Sometimes I think the only thing that can keep me up at night is the fear of awaking to 500 more words spilled about liquid inside aluminum casing. Yet here I am, writing about beer in cans. The irony of it all.
Back in 2012, when cans were already “the hottest packaging trend of the last couple years,” Lagunitas owner Tony Magee went on one of this infamous Twitter rants, condemning the environmental cost of producing aluminum cans. He apparently swore he would never put Lagunitas beers in the packaging, then reversed course four years latter when the brewery announced it’s newest pale ale, 12th of Never, would go in cans because “beer lovers think cans are cool and we recognize they can go places glass cannot.”
As far as I’m concerned, the most important place we should be worrying about canned beer going is into our mouths and filtered through our liver. Not what brought it to the table in front of us.
This is the beer session IPAs strive to be.”
And, as a beer, 12th of Never is exactly what you’d want from a hop-focused pale ale, let alone one you’d expect coming from Lagunitas, whose beers are beloved for their reputation to produce descriptors such as “dank.”
12th of Never follows through. Hops explode off the nose. “Bright and citrusy” is a great way to think of this beer, as the lighter body and alcohol by volume (just 5.5%) make it frighteningly easy to drink.

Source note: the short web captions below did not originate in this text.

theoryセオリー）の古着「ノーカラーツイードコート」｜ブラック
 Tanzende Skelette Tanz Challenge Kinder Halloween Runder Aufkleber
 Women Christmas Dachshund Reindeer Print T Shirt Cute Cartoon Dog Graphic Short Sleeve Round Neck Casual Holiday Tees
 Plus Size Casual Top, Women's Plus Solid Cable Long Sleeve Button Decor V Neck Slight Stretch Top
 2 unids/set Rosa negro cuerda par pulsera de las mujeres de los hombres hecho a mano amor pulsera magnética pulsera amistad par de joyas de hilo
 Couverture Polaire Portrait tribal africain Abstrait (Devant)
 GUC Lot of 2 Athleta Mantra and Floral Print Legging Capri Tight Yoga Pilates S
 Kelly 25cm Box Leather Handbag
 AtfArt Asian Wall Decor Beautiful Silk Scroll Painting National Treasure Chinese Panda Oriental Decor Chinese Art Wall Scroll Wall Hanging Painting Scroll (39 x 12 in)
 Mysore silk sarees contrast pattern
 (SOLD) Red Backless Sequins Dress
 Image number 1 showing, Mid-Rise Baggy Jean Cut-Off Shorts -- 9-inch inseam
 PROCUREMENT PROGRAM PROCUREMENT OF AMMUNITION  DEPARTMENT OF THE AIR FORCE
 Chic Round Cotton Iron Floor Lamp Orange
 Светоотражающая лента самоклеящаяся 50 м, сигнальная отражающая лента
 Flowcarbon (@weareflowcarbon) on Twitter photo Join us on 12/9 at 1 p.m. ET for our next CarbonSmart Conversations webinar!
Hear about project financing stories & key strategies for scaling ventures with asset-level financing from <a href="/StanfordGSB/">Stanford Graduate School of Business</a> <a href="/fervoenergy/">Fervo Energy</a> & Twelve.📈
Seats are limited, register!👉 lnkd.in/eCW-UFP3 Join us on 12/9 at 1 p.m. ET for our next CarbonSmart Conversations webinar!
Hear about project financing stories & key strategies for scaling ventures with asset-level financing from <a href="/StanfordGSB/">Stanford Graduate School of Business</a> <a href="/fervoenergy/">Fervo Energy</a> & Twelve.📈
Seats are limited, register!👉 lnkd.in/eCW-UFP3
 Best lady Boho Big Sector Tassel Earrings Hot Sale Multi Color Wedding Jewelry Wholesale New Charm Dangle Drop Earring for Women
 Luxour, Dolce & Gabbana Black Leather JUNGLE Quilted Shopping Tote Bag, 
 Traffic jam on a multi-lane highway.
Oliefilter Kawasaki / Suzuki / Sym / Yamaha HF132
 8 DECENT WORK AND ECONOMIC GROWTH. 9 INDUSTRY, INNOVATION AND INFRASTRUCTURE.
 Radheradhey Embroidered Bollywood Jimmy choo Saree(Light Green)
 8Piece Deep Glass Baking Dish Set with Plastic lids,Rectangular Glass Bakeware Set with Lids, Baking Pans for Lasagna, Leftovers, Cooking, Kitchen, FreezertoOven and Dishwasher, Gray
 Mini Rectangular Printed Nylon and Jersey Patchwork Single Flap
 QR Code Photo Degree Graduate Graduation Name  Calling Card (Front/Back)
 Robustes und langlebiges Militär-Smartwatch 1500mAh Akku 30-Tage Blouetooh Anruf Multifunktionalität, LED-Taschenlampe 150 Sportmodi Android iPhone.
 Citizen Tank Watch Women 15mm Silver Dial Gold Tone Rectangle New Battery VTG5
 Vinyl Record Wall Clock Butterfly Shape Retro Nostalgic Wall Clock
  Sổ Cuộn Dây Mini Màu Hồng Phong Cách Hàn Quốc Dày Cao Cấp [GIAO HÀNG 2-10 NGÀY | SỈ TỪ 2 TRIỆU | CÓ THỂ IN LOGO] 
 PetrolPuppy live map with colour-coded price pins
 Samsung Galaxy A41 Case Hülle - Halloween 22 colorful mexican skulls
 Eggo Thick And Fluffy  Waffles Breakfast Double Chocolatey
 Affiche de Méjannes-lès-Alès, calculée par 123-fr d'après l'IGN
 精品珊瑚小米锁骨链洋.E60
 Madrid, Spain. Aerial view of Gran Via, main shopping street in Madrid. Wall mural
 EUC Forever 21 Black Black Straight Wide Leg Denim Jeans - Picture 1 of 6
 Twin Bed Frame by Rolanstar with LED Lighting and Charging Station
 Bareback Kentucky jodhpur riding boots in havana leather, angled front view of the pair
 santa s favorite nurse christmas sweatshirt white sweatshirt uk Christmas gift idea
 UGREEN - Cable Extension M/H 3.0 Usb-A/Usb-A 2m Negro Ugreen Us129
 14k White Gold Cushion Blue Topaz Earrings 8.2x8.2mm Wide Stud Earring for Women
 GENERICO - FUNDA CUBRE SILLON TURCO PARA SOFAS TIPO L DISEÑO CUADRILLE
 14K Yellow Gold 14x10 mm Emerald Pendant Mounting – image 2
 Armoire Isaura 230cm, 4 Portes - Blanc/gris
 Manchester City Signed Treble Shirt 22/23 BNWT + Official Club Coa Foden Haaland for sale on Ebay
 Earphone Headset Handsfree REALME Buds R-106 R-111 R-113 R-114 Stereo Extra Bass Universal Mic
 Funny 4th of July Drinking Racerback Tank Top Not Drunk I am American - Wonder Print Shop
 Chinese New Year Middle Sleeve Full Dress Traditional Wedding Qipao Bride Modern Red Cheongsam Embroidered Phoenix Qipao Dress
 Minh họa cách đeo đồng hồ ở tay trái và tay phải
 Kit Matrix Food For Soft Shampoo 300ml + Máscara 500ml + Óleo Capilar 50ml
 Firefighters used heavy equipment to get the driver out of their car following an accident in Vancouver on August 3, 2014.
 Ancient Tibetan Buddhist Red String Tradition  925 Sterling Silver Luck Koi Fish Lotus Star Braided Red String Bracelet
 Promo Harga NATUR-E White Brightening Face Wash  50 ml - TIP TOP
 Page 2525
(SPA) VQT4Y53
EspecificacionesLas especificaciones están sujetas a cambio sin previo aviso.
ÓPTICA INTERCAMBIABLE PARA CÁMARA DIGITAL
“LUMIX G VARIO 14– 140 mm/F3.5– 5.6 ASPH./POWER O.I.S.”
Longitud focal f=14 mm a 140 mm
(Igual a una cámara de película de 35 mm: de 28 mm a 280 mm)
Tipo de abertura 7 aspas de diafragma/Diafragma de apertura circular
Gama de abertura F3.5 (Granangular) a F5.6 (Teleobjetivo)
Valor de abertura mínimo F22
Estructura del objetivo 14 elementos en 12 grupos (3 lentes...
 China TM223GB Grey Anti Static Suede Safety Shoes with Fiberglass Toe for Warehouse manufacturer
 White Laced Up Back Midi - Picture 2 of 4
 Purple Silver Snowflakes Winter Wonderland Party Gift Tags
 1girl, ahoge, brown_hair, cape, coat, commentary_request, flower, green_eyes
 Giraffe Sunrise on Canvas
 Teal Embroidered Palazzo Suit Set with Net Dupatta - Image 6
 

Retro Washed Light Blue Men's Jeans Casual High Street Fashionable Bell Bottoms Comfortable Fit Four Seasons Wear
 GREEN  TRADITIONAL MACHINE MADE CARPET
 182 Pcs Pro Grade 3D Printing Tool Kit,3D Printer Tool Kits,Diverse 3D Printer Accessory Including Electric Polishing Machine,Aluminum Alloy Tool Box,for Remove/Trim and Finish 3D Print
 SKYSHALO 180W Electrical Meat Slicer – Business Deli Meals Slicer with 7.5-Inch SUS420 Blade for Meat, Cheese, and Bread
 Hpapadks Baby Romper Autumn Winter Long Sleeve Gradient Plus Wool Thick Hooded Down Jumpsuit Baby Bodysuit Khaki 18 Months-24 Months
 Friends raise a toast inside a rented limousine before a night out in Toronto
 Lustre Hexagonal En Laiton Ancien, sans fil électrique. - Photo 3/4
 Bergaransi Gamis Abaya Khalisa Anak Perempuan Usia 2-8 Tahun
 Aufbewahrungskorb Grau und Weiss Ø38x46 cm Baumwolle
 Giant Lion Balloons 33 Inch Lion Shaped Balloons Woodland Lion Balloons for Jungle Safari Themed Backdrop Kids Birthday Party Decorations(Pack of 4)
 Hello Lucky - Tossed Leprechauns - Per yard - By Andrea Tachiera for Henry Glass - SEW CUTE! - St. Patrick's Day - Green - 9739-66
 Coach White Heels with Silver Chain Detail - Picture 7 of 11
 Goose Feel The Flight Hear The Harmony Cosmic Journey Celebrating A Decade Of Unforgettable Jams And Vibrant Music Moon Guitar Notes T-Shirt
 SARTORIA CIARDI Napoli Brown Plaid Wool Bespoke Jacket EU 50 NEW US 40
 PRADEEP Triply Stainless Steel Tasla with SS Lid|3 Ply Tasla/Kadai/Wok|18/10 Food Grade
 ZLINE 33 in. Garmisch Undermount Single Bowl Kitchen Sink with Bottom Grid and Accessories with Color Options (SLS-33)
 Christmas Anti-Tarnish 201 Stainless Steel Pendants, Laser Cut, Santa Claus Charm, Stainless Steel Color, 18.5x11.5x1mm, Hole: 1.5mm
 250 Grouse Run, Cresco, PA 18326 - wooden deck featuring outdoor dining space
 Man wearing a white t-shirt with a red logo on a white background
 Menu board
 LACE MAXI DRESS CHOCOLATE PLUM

This is the beer session IPAs strive to be, with late addition hops driving all the aroma and taste with very little bitterness. Green onion and herbal qualities turn to citrus by the time each sip wears off. You can drink this beer fast and loose: It’s good enough to concentrate on if you so choose, but it’s also easy enough to not be a “thinking beer,” where it’s perfect for just drinking.
Magee may have promised that Lagunitas would be the last brewery in the country to can, which is obviously not the case. In a post from January, Brewers Association economist Bart Watson highlighted the increased attention paid to cans. While bottles clearly outsell their light-weight, metal counterparts, the percentage of cans representing the overall amount of packaged beer has been rising.
Breweries of all sizes from all over are turning to cans as a viable packaging option to keep their beers fresh and easily portable. That’s fine and good, so long as we can focus more on what’s inside, especially if it can be as pleasing as what Lagunitas finally offered up.